Wed May 21 12:15:19 EST 2003

On Wed, May 21, 2003 at 12:02:14PM +1000, Nemo -earth native- wrote:
> On Wed, May 21, 2003 at 11:40:10AM +1000, Rob Shugg did utter:
> > How does it cope with the spam we have been getting through clug, I am 
> > concerned that if i mark this stuff it will treat all clug messages as spam?
> 
> I'm currently on spamassassin with it's own bayesiain system turned on,
> and it's successfully caught every spam sent to the clug list (and some
> other lists I'm on), without generative any false positives. 
> 
> Personally, I'd be interested to see a comparison of the relative
> effectiveness of bogofilter, spambayes, spamassassin, etc... for
> example, train each system on the same block of spam and ham, and then
> test each on a new block of email known to contain both ham and spam... 
> 
> Say, 3 months of email logged for the training, and then the next three
> months of email as the testing... with a collection of email, such a
> test could be accomplished relatively easily I imagine... sounds like it
> could make a good clug meet talk/demo/something... if an appriate
> pseudo-delivery system could be setup, some rbl lists and other spam
> filter methods could be similarly tested.
> (http://pserver.samba.org/cgi-bin/cvsweb/junkcode/spamsum/ for example)
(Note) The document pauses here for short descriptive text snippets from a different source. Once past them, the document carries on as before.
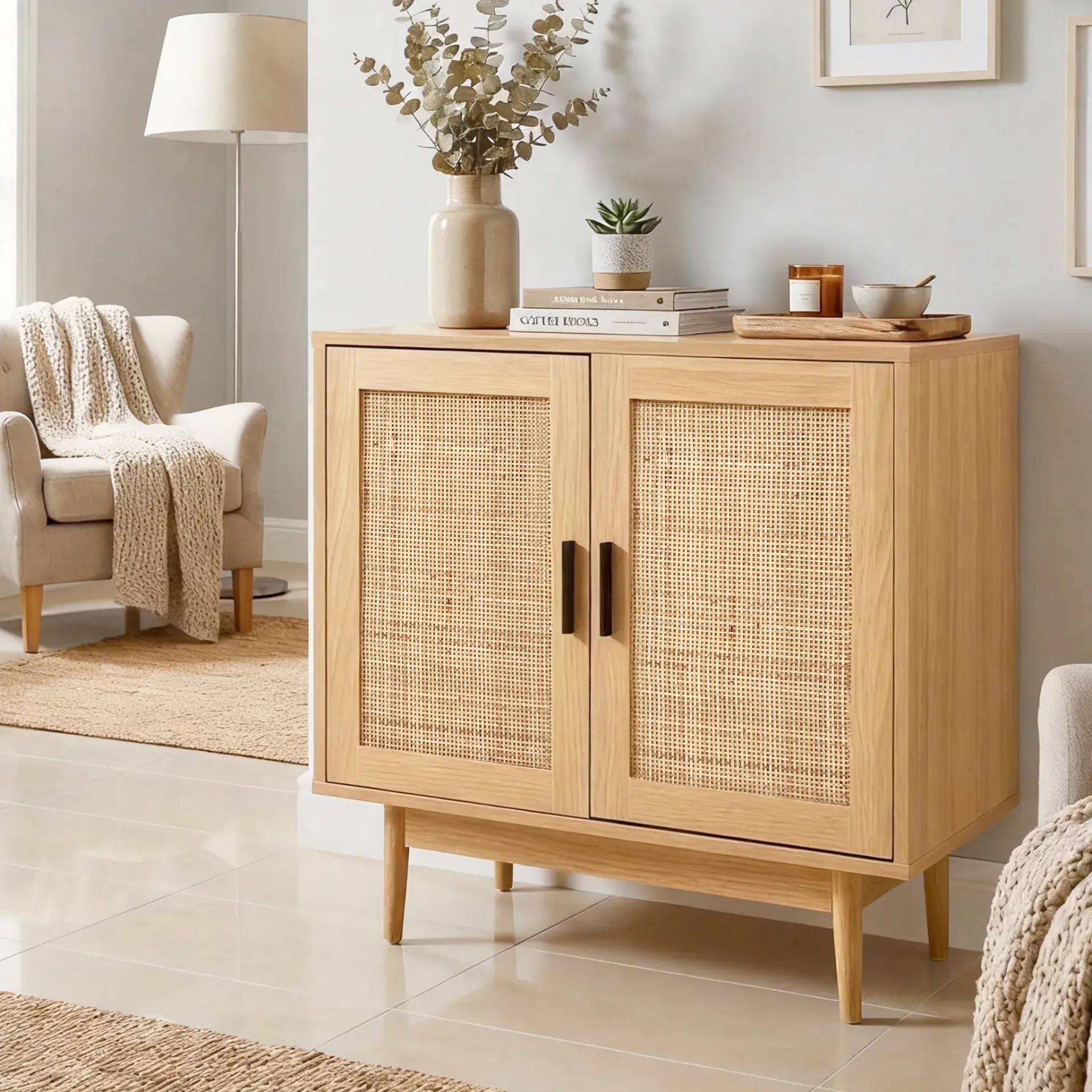 Artiss Rattan Buffet Sideboard 2 Doors - BRIONY Oak
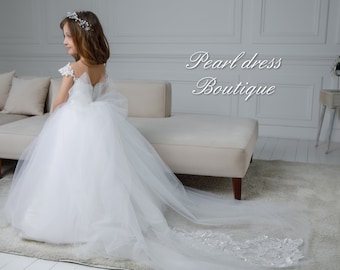 Robe de demoiselle d'honneur en tulle, robe de demoiselle d'honneur pour enfant en bas âge, robe de demoiselle d'honneur tutu, demoiselle d'honneur junior, robe, robe de demoiselle d'honneur avec traine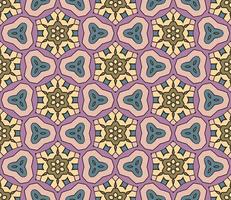 Abstract colorful doodle geometric flower seamless pattern. Floral background. Kaleidoscope mosaic, geo tile of thin line ornament. vector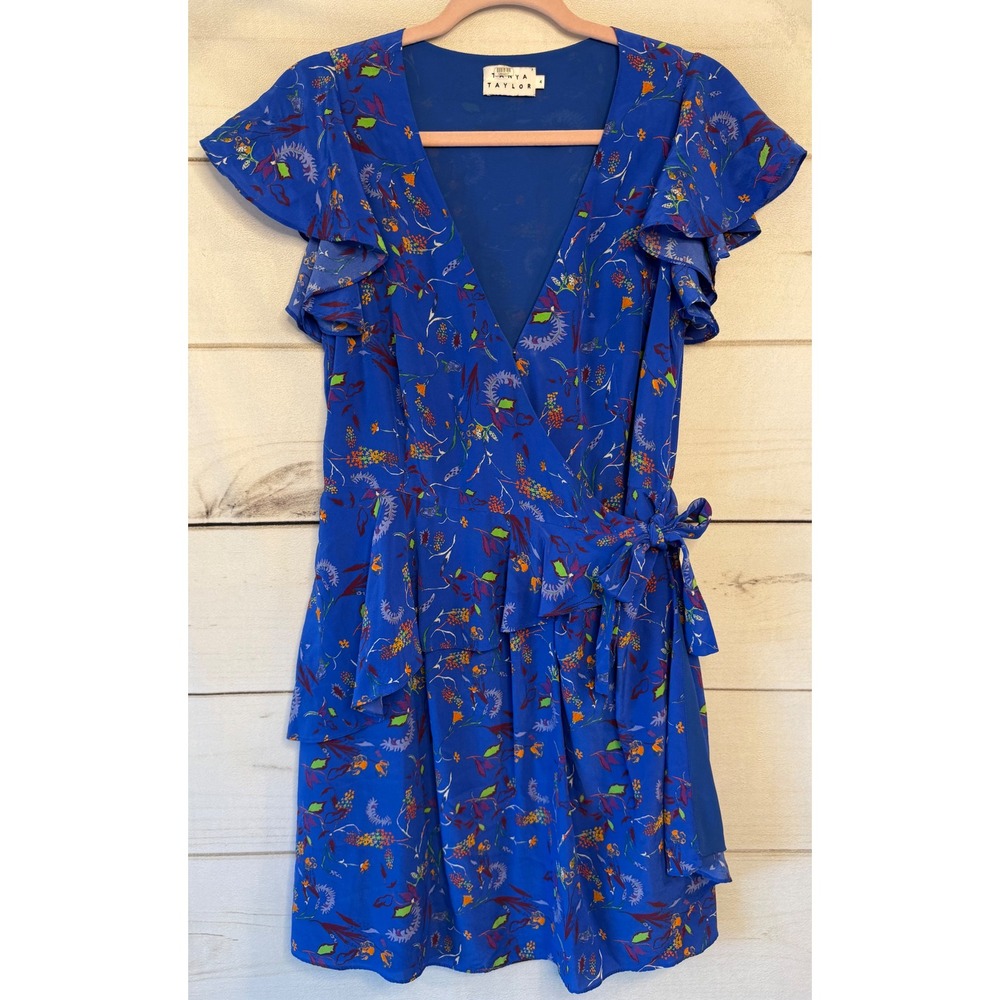 Tanya Taylor Silk Wrap Dress Blue Floral Ruffle Flutter Sleeve Size 4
I've actually been thinking about doing something like this for a
while.  I already have the training and testing sets:  a complete
archive of mail for nearly three years, with hand sorted spam for all
that time as well.

Now, in my copious free time...

-- 
David Gibson			| For every complex problem there is a
david at gibson.dropbear.id.au	| solution which is simple, neat and
				| wrong.
http://www.ozlabs.org/people/dgibson